This study addresses the long-overlooked carbon cost of wide-area network (WAN) data transfer for geographically migratable cloud workloads, which has constrained effective carbon reduction. We propose the first high-fidelity carbon cost modeling method that jointly incorporates fine-grained physical network topology and regionally dynamic grid carbon intensity, enabling integrated quantification of WAN transmission and computation emissions. Building upon this, we design a geo-temporal joint optimization scheduling framework that jointly determines *when* and *where* to migrate workloads. Empirical evaluation shows that our approach achieves 2.3× greater carbon reduction compared to time-only migration baselines, while reducing WAN carbon cost estimation error to ±8.7%. To our knowledge, this is the first work to empirically demonstrate that integrating spatial workload migration with precise network-aware carbon modeling significantly unlocks the carbon neutrality potential of cloud computing.

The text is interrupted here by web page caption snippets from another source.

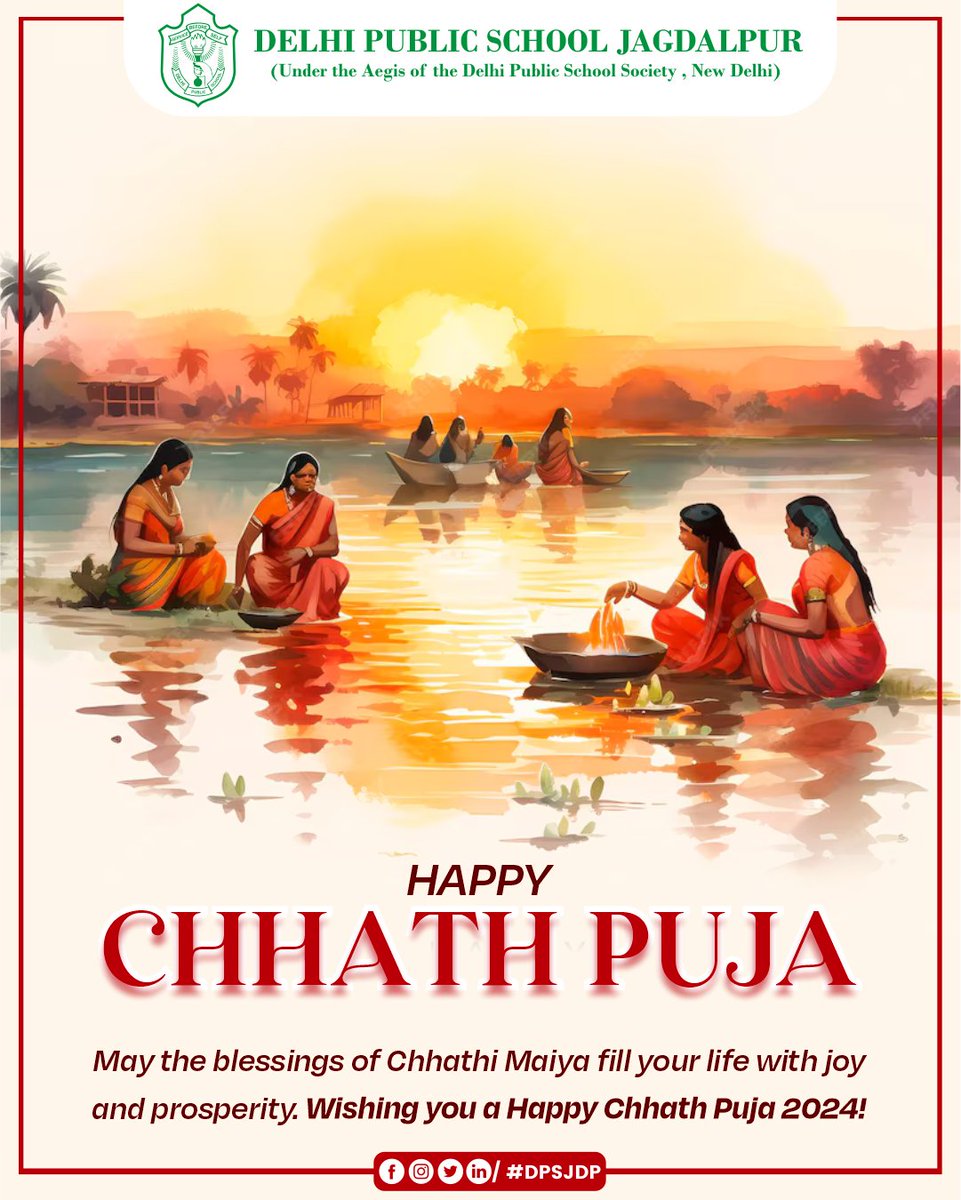DpsJdp's tweet photo. HAPPY CHHATH PUJA ! - May the blessings of Chhathi Maiya fill your life with joy and prosperity. Wishing you a Happy Chhath Puja 2024! https://t.co/5yIDPedrtm
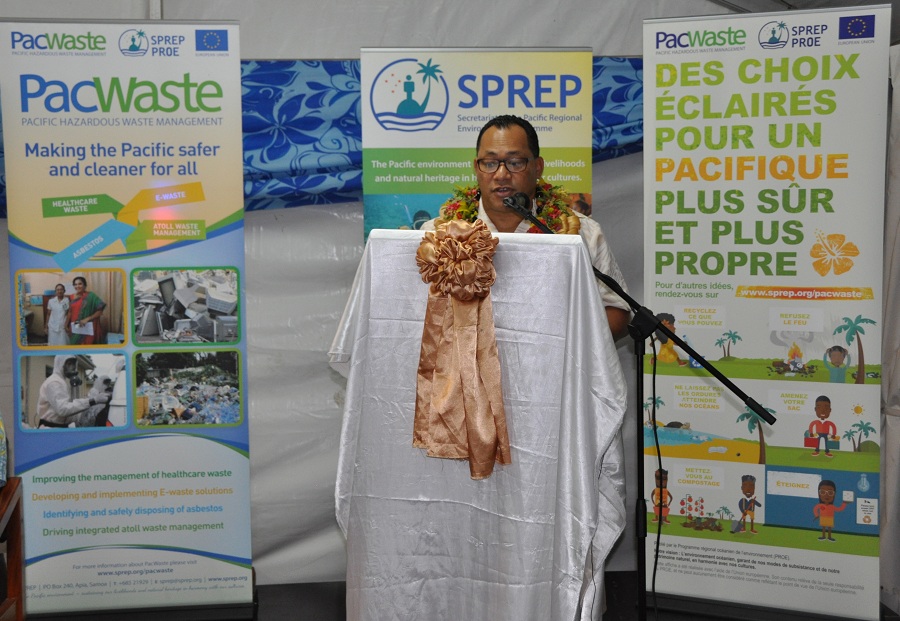 DG of SPREP Mr.Kosi Latu delivering his speech at the opening of the SPREP office in Suva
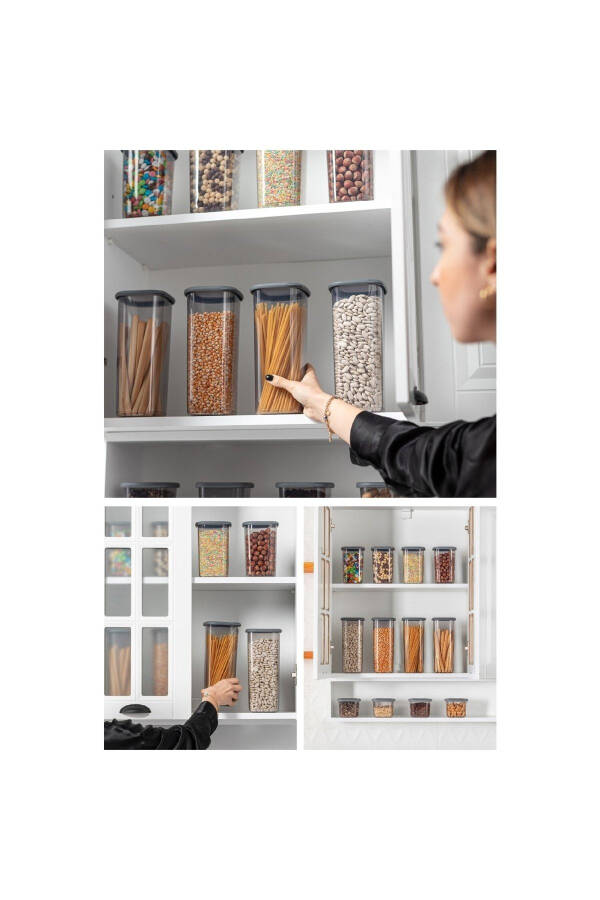 Etiketli 15li Kare Erzak Saklama Kabı Seti 5x(0,55 LİTRE, 1,2 LİTRE, 1,75 LİTRE) Antrasit-Antrasit - 4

Organizations are increasingly offloading their workloads to cloud platforms. For workloads with relaxed deadlines, this presents an opportunity to reduce the total carbon footprint of these computations by moving workloads to datacenters with access to low-carbon power. Recently published results have shown that the carbon footprint of the wide-area network (WAN) can be a significant share of the total carbon output of executing the workload itself, and so careful selection of the time and place where these computations are offloaded is critical. In this paper, we propose an approach to geographic workload migration that uses high-fidelity maps of physical Internet infrastructure to better estimate the carbon costs of WAN transfers. Our findings show that space-shifting workloads can achieve much higher carbon savings than time-shifting alone, if accurate estimates of WAN carbon costs are taken into account.